Thursday, March 3, 2011

The Song of Habbakuk, Habbakuk 3:2 - 19

This prayer of the prophet repeats some of the earlier themes of God's deliverance of His people. It differs in its use of imagery concerning the creation of the world. "In the beginning" there is cosmic chaos represented by turbulent water which is brought into order as creation blossoms with mountains illuminated by the sun and the moon. Beautiful.

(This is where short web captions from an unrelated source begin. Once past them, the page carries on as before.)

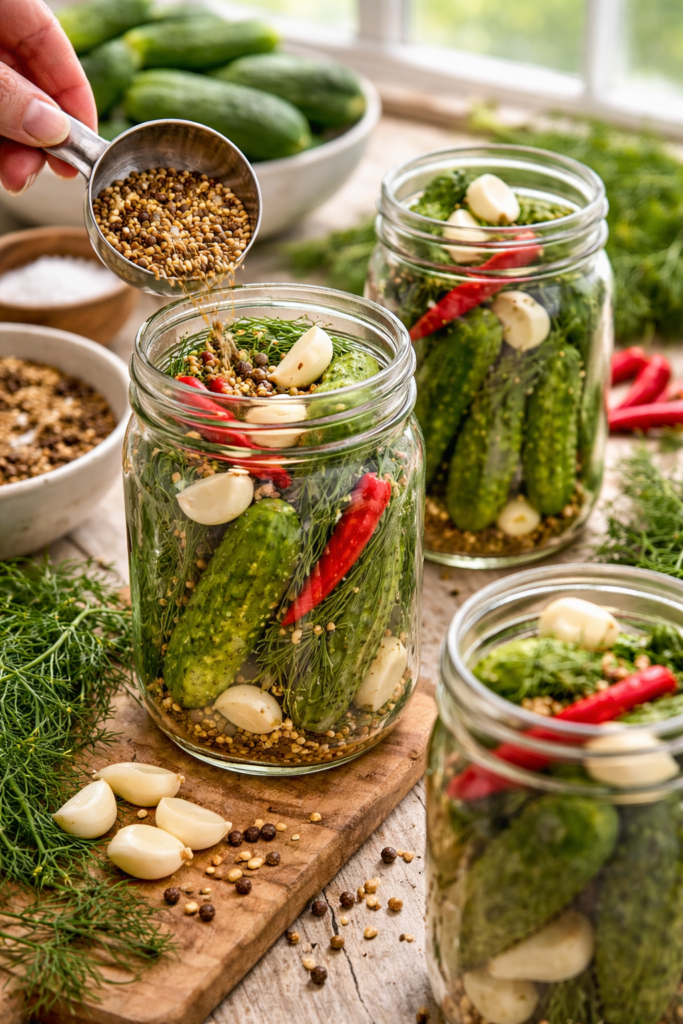 filling mason jars with cucumbers garlic dill and chili peppers for spicy garlic dill pickle recipe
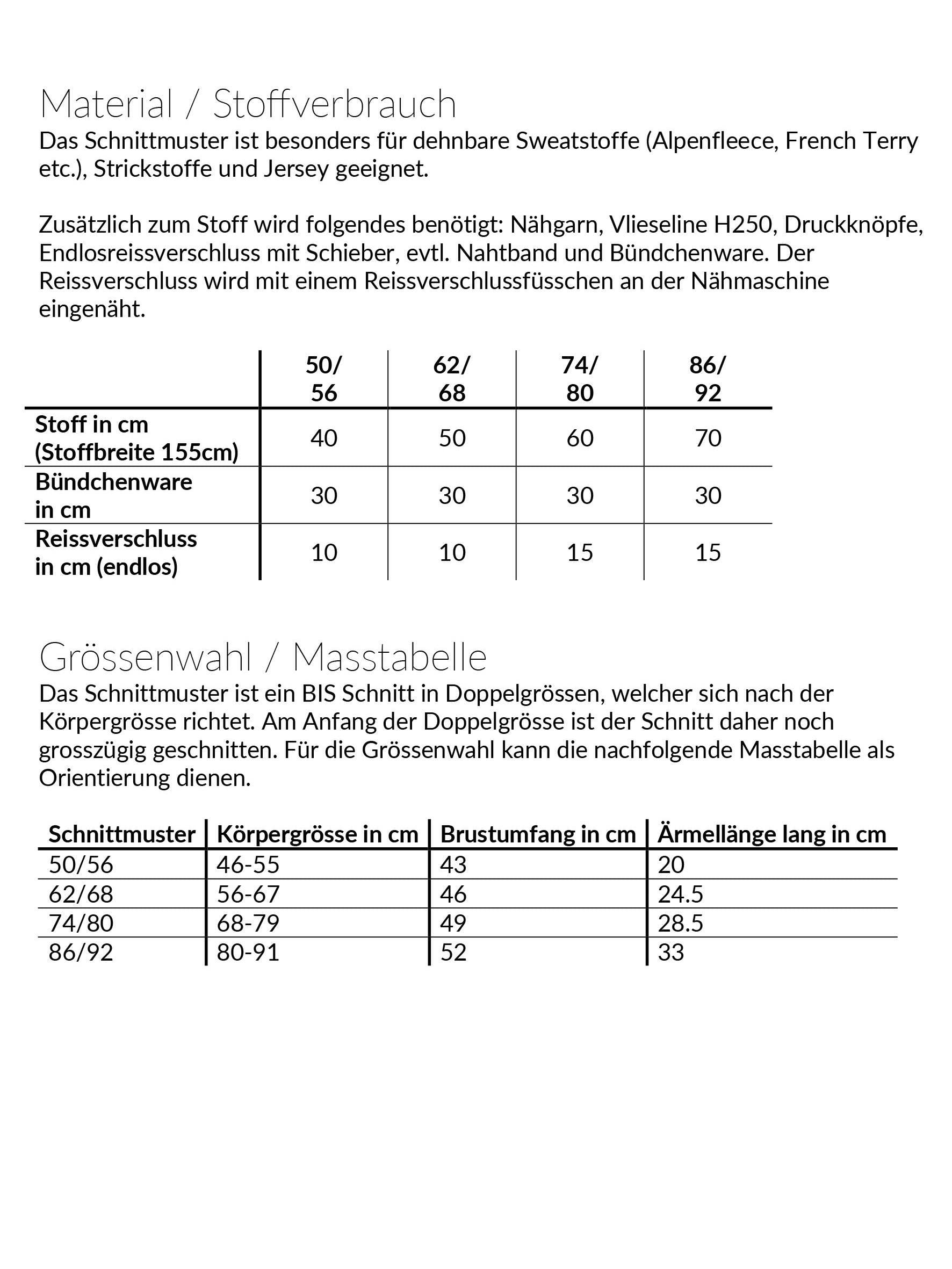 Mini Schwiiz-Hoodie, Schnittmuster Grösse 50-92 - Sewando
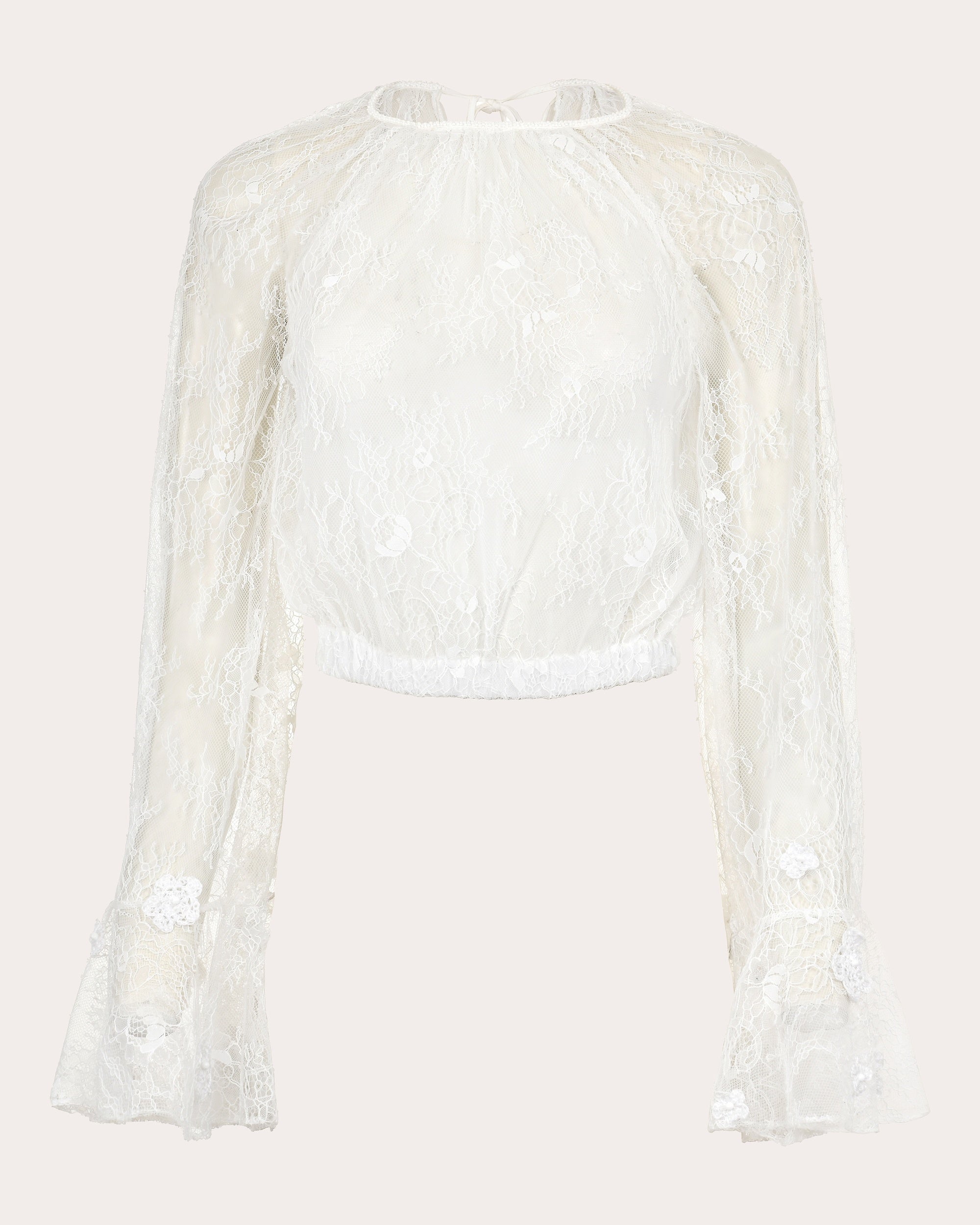 Alba Floral Appliqué Lace Blouson Blouse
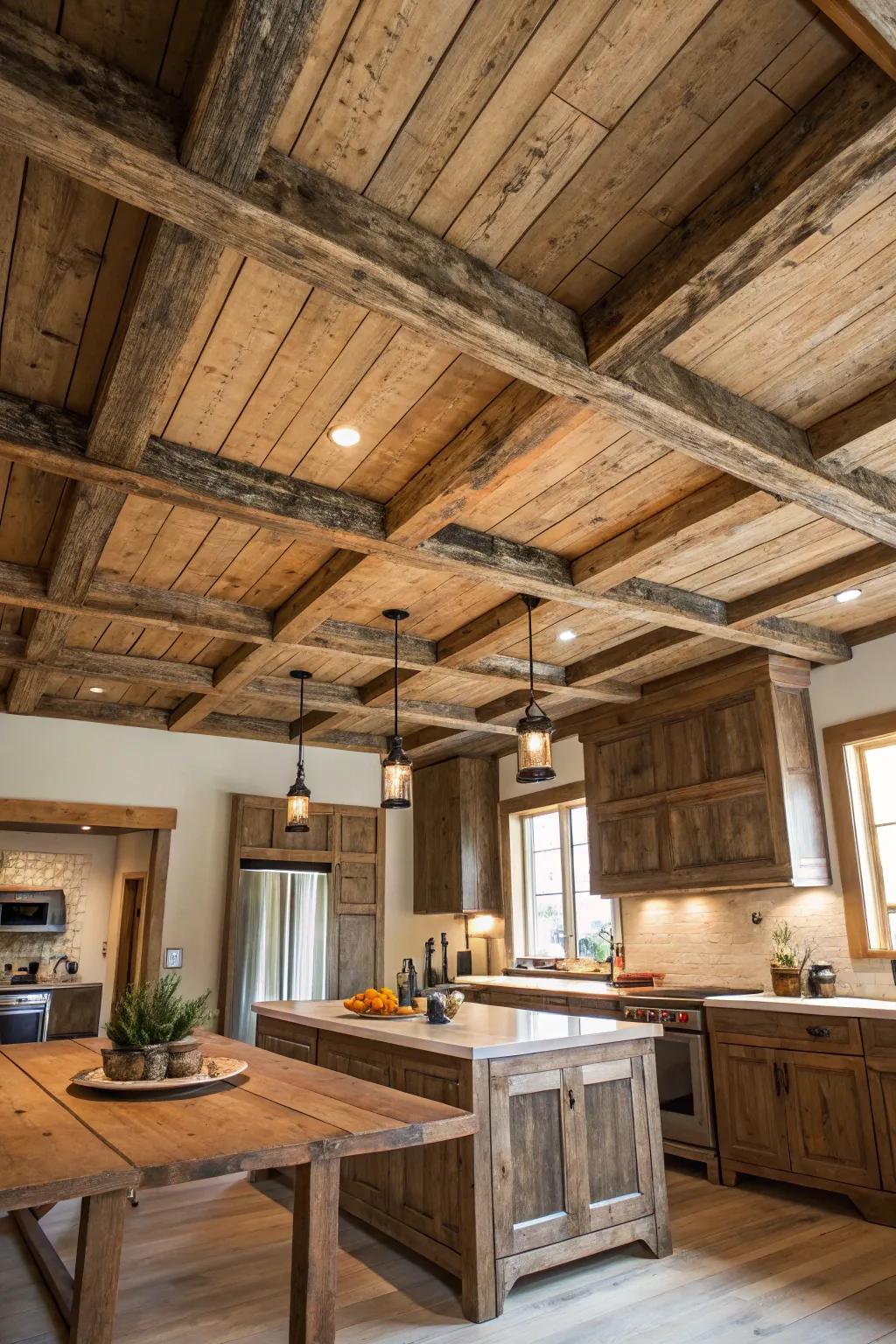 Rustic elements bring warmth to coffered ceilings.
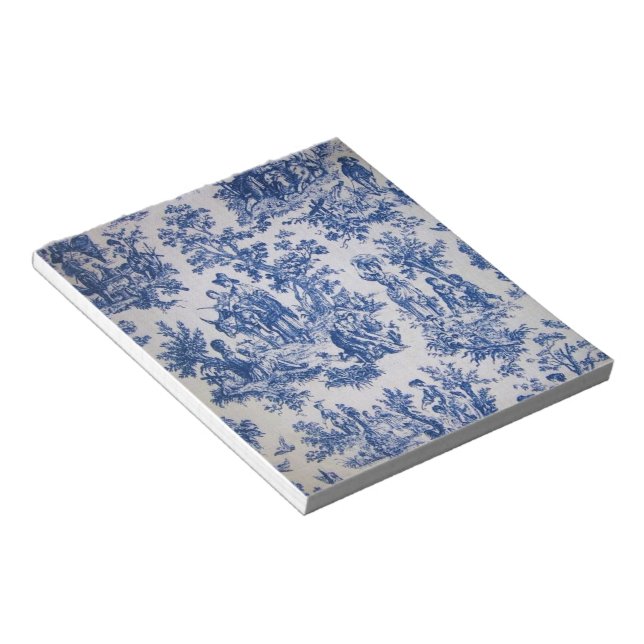 Bloc-note Française toile de jouy bleu et blanc élégant (Incliné)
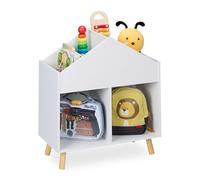 Relaxdays Children's Shelf, House Shape, HxWxD: 67 x 60 x 30 cm, 6 Compartments, Kids Toy Storage Unit, White/Natural, Fibreboard, Wood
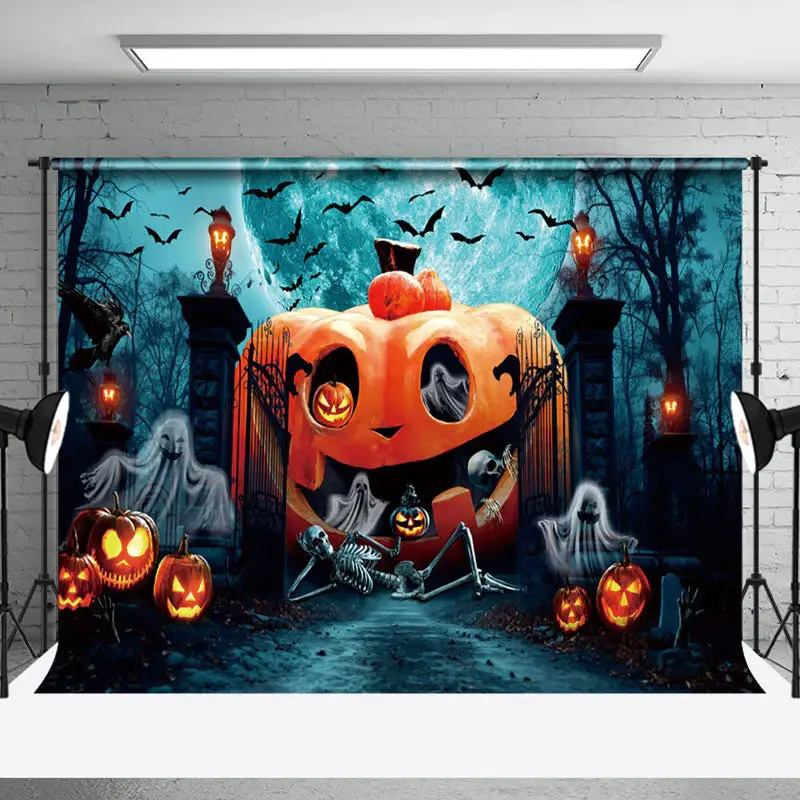 Scary Giant Pumpkin Skull Moon Light Halloween Backdrop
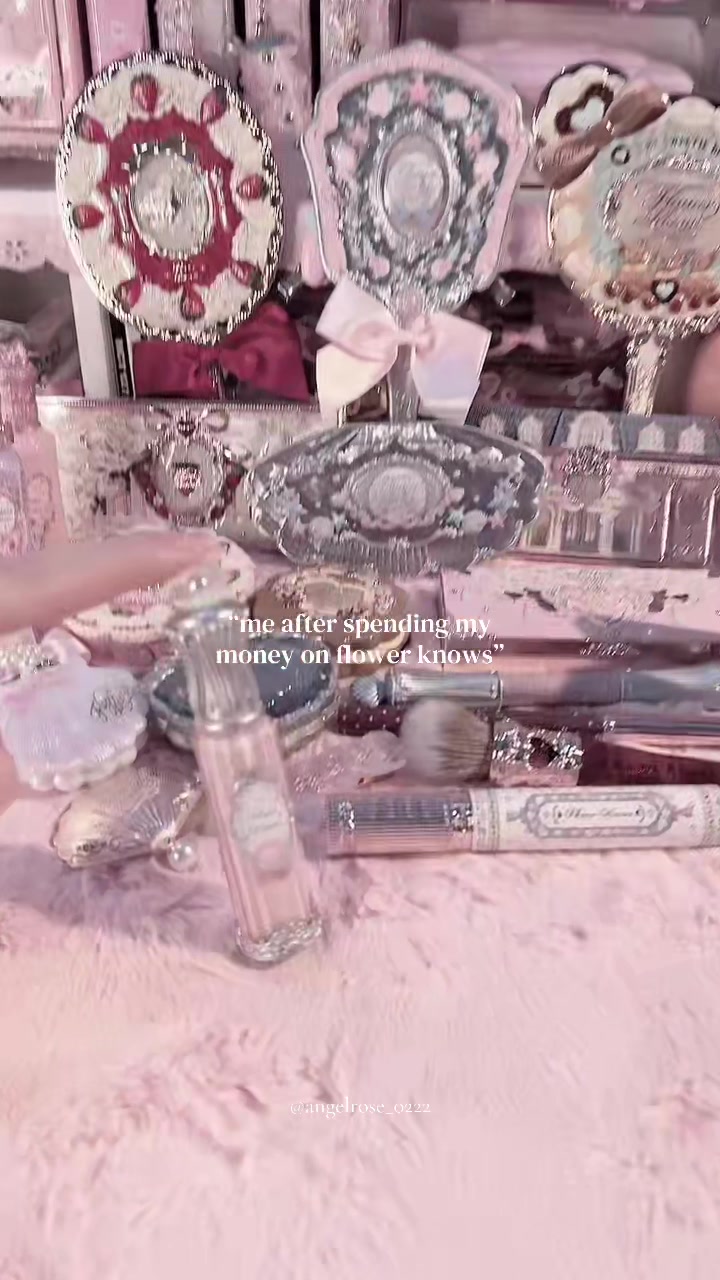 TikTok post by @angelrose_0222 for Flower Knows. Caption reads: Yeah most of my flower knows makeup are gifted by....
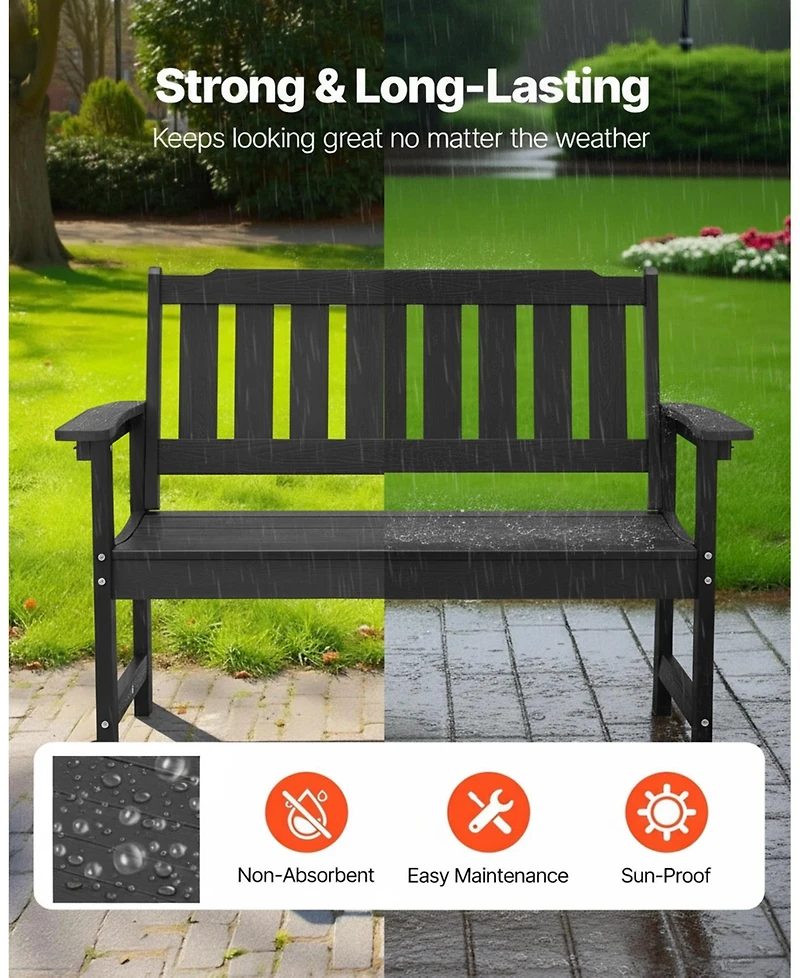 Gouun Patio Park Bench 36-Inch Weatherproof
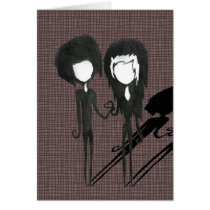 Cute Goth Girl and Boy Alternative Art Drawing cards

It is unfortunate that creation has come to be a source of conflict between the church and society. Actually, "the creation story" itself is a misnomer since the Bible contains several creation narratives. The account in Psalm 104 predates Genesis, and the New Testament declaration of  "In the beginning was the Word" in John 1 is familiar to all Christians. I was surprised to learn a couple of years ago that even Genesis contains two creation stories. Go back and read Genesis 1 and 2 again. It's not one story continued; it's two stories. And very different stories at that. Genesis 1 begins with water chaos and has male and females created at the same time. Genesis 2 begins with drought and has man created first. The purpose of creation in Genesis 1 is the worship and rest of the Sabbath. "The fall" is a major theme of Genesis 2. It is possible to convolute the details and make one big story out of the two chapters, but scholars are certain that there were two different authors who wrote two independent accounts of creation and both were valued enough by the ancient Hebrews to be included in scripture. Neither account was intended to be a scientific description of how the world came into being.  Rather, their concern was why. And could any one story ever answer that? We were created in the image of a God who brings order out of chaos and finds joy in the act of creating.